_WORK INSTRUCTION_. This exercise asks for the whole listing to be restated exactly.

(DATASET CONTENT Opens)

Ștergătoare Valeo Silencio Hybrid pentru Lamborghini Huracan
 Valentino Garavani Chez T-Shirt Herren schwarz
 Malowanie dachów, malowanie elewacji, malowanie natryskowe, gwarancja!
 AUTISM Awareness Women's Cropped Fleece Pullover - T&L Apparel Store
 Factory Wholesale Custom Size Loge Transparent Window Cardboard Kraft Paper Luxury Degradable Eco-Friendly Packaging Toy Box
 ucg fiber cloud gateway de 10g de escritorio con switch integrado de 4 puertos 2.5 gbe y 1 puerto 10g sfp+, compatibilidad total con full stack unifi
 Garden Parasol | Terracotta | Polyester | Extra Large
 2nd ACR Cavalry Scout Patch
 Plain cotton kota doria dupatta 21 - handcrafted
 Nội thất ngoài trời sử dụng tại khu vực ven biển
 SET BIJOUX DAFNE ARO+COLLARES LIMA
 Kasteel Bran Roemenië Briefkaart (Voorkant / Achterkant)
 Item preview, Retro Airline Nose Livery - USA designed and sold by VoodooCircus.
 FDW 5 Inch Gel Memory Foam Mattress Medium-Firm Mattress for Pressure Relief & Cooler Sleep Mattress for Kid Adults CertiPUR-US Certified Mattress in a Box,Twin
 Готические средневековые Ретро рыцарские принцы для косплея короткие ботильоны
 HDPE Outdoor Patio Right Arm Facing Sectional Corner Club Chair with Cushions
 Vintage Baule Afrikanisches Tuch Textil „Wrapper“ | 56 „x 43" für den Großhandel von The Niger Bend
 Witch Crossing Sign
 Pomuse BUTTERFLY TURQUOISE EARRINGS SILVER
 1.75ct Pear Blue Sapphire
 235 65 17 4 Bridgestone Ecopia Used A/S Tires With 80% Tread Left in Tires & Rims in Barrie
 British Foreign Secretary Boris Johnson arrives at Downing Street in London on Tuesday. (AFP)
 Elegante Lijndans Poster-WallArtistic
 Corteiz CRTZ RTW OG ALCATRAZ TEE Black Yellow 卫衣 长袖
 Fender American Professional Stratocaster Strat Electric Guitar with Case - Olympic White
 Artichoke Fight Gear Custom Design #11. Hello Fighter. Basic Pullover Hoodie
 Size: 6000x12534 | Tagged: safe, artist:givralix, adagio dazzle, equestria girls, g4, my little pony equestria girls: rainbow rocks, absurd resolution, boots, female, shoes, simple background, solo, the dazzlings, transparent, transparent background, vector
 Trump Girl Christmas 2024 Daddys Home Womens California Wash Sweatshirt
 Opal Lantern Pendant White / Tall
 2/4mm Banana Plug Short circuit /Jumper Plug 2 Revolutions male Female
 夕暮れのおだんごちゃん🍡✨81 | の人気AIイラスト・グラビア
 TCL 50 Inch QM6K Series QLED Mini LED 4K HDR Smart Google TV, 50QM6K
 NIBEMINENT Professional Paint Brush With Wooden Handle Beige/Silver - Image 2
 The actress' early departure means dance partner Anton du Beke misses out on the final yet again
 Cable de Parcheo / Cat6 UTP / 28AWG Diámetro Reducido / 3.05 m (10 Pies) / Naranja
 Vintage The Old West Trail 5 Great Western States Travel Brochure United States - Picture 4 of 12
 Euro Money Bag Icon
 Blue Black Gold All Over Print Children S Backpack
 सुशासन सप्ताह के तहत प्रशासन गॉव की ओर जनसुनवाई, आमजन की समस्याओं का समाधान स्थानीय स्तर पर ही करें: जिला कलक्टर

(DATASET CONTENT Closes)

_SOLUTION FOR THIS EXERCISE_.
Ștergătoare Valeo Silencio Hybrid pentru Lamborghini Huracan
 Valentino Garavani Chez T-Shirt Herren schwarz
 Malowanie dachów, malowanie elewacji, malowanie natryskowe, gwarancja!
 AUTISM Awareness Women's Cropped Fleece Pullover - T&L Apparel Store
 Factory Wholesale Custom Size Loge Transparent Window Cardboard Kraft Paper Luxury Degradable Eco-Friendly Packaging Toy Box
 ucg fiber cloud gateway de 10g de escritorio con switch integrado de 4 puertos 2.5 gbe y 1 puerto 10g sfp+, compatibilidad total con full stack unifi
 Garden Parasol | Terracotta | Polyester | Extra Large
 2nd ACR Cavalry Scout Patch
 Plain cotton kota doria dupatta 21 - handcrafted
 Nội thất ngoài trời sử dụng tại khu vực ven biển
 SET BIJOUX DAFNE ARO+COLLARES LIMA
 Kasteel Bran Roemenië Briefkaart (Voorkant / Achterkant)
 Item preview, Retro Airline Nose Livery - USA designed and sold by VoodooCircus.
 FDW 5 Inch Gel Memory Foam Mattress Medium-Firm Mattress for Pressure Relief & Cooler Sleep Mattress for Kid Adults CertiPUR-US Certified Mattress in a Box,Twin
 Готические средневековые Ретро рыцарские принцы для косплея короткие ботильоны
 HDPE Outdoor Patio Right Arm Facing Sectional Corner Club Chair with Cushions
 Vintage Baule Afrikanisches Tuch Textil „Wrapper“ | 56 „x 43" für den Großhandel von The Niger Bend
 Witch Crossing Sign
 Pomuse BUTTERFLY TURQUOISE EARRINGS SILVER
 1.75ct Pear Blue Sapphire
 235 65 17 4 Bridgestone Ecopia Used A/S Tires With 80% Tread Left in Tires & Rims in Barrie
 British Foreign Secretary Boris Johnson arrives at Downing Street in London on Tuesday. (AFP)
 Elegante Lijndans Poster-WallArtistic
 Corteiz CRTZ RTW OG ALCATRAZ TEE Black Yellow 卫衣 长袖
 Fender American Professional Stratocaster Strat Electric Guitar with Case - Olympic White
 Artichoke Fight Gear Custom Design #11. Hello Fighter. Basic Pullover Hoodie
 Size: 6000x12534 | Tagged: safe, artist:givralix, adagio dazzle, equestria girls, g4, my little pony equestria girls: rainbow rocks, absurd resolution, boots, female, shoes, simple background, solo, the dazzlings, transparent, transparent background, vector
 Trump Girl Christmas 2024 Daddys Home Womens California Wash Sweatshirt
 Opal Lantern Pendant White / Tall
 2/4mm Banana Plug Short circuit /Jumper Plug 2 Revolutions male Female
 夕暮れのおだんごちゃん🍡✨81 | の人気AIイラスト・グラビア
 TCL 50 Inch QM6K Series QLED Mini LED 4K HDR Smart Google TV, 50QM6K
 NIBEMINENT Professional Paint Brush With Wooden Handle Beige/Silver - Image 2
 The actress' early departure means dance partner Anton du Beke misses out on the final yet again
 Cable de Parcheo / Cat6 UTP / 28AWG Diámetro Reducido / 3.05 m (10 Pies) / Naranja
 Vintage The Old West Trail 5 Great Western States Travel Brochure United States - Picture 4 of 12
 Euro Money Bag Icon
 Blue Black Gold All Over Print Children S Backpack
 सुशासन सप्ताह के तहत प्रशासन गॉव की ओर जनसुनवाई, आमजन की समस्याओं का समाधान स्थानीय स्तर पर ही करें: जिला कलक्टर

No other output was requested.